Uso de plástico reciclado em embalagens alimentares levanta questões de segurança química

Uso de plástico reciclado em embalagens alimentares levanta questões de segurança química, diz estudo Raquel Murgeira

A utilização crescente de plástico reciclado em embalagens alimentares e noutros materiais em contacto com alimentos traz benefícios ambientais, mas levanta preocupações de segurança química, segundo um novo relatório da Organização das Nações Unidas para a Alimentação e a Agricultura (FAO).

O relatório, intitulado Food safety implications of recycled plastics and alternative food contact materials, defende a necessidade de discutir normas globalmente uniformizadas para estes materiais. A publicação surge num contexto de crescimento do mercado global de embalagens alimentares, estimado em 505,27 mil milhões de dólares em 2024 e projetado para atingir 815,51 mil milhões de dólares em 2030.

 

De acordo com a FAO, a procura por embalagens alimentares está a ser impulsionada por alterações nos padrões de consumo e nos estilos de vida, incluindo o consumo de snacks, refeições prontas, fast food e bebidas engarrafadas.

Os materiais em contacto com alimentos desempenham um papel relevante na redução das perdas e do desperdício alimentar, ao prolongarem o prazo de validade e protegerem a qualidade dos alimentos. A FAO associa esta função à redução de custos de produção, à melhoria da eficiência dos sistemas agroalimentares, ao apoio à segurança alimentar e nutricional e à sustentabilidade ambiental.

 

No entanto, o uso generalizado de materiais de base plástica, com longos períodos de permanência no ambiente, tem contribuído para o aumento dos resíduos plásticos a nível global.

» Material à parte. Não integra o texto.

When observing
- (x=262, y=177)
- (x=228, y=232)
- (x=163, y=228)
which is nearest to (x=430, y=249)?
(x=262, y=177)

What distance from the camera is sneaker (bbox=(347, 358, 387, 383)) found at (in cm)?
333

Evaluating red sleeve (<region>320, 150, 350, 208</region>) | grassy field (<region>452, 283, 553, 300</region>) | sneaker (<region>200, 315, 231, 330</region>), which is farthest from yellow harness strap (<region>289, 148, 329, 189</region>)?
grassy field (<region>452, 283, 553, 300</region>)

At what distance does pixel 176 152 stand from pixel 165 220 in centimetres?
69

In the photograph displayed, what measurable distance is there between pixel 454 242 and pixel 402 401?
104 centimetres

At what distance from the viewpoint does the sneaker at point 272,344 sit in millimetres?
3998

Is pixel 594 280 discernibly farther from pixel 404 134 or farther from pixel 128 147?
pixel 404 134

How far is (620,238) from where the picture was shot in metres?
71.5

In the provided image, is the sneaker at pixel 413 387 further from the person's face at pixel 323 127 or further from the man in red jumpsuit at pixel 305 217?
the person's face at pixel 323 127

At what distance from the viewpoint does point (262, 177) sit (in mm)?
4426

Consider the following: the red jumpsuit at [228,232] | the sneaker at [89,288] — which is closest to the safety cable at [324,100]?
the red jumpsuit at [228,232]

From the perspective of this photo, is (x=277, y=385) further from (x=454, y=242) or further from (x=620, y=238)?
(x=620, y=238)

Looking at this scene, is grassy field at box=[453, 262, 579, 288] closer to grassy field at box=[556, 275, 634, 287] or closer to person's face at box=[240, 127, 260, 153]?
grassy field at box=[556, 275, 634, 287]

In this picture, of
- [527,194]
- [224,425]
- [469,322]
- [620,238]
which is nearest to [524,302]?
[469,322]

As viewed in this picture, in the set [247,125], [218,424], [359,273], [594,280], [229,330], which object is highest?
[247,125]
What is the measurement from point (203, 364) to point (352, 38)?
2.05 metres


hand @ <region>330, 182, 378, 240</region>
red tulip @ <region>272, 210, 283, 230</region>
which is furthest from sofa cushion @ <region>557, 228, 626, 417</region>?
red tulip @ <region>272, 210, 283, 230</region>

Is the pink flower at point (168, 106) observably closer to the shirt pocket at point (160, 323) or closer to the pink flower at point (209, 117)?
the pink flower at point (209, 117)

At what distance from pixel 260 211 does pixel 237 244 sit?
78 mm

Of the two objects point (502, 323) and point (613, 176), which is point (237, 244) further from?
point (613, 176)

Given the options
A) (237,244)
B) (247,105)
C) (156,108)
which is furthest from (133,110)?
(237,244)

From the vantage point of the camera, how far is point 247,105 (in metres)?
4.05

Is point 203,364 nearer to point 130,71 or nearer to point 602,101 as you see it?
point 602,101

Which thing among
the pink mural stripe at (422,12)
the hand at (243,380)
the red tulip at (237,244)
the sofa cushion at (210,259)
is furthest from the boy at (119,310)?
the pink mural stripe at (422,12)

Apesar de menos de 10% dos resíduos plásticos gerados globalmente terem sido reciclados até agora, a FAO prevê que esta percentagem aumente por razões de sustentabilidade, o que coloca novas questões de segurança química dos alimentos.

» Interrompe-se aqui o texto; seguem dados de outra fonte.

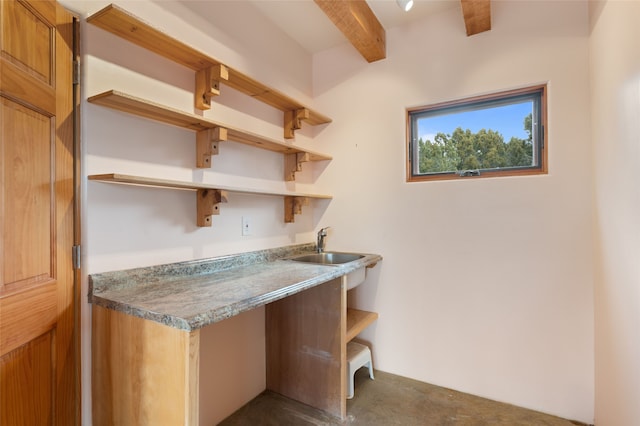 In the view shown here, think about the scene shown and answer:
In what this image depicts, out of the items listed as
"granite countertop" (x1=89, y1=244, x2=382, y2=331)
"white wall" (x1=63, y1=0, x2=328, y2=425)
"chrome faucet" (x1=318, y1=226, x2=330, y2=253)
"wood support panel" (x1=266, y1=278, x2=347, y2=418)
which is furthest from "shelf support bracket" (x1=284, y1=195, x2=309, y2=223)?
"wood support panel" (x1=266, y1=278, x2=347, y2=418)

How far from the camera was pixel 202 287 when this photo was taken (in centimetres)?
128

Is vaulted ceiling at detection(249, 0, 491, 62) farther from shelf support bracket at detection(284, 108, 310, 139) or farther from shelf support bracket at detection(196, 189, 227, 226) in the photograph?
shelf support bracket at detection(196, 189, 227, 226)

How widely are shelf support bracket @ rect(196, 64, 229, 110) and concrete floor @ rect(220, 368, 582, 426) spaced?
1768mm

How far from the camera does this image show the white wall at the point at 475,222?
1681mm

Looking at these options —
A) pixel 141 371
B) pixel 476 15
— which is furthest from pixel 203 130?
pixel 476 15

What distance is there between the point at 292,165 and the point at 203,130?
76cm

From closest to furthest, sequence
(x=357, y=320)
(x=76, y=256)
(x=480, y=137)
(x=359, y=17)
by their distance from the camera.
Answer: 1. (x=76, y=256)
2. (x=359, y=17)
3. (x=480, y=137)
4. (x=357, y=320)

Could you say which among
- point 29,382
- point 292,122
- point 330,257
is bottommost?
point 29,382

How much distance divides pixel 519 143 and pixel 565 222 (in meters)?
0.53

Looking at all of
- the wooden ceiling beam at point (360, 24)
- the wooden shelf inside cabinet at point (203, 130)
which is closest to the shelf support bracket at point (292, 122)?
the wooden shelf inside cabinet at point (203, 130)

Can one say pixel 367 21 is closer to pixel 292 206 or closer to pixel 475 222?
pixel 292 206

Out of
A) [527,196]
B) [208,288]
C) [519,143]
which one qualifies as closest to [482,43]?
[519,143]

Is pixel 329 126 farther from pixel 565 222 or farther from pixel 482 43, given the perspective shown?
pixel 565 222

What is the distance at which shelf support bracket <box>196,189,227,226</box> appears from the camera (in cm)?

O relatório defende que os objetivos ambientais devem ser prosseguidos em paralelo com a proteção da saúde, tendo em conta a possibilidade de contaminação química e de migração de substâncias dos materiais em contacto com alimentos para os próprios alimentos.

 

“Queremos reciclar mais plástico, mas também queremos garantir que, ao resolver um problema, não criamos novos problemas. A segurança alimentar deve ser uma consideração central na transição para sistemas agroalimentares e padrões de consumo alimentar mais sustentáveis”, afirma Corinna Hawkes, diretora da Divisão de Sistemas Agroalimentares e Segurança Alimentar da FAO.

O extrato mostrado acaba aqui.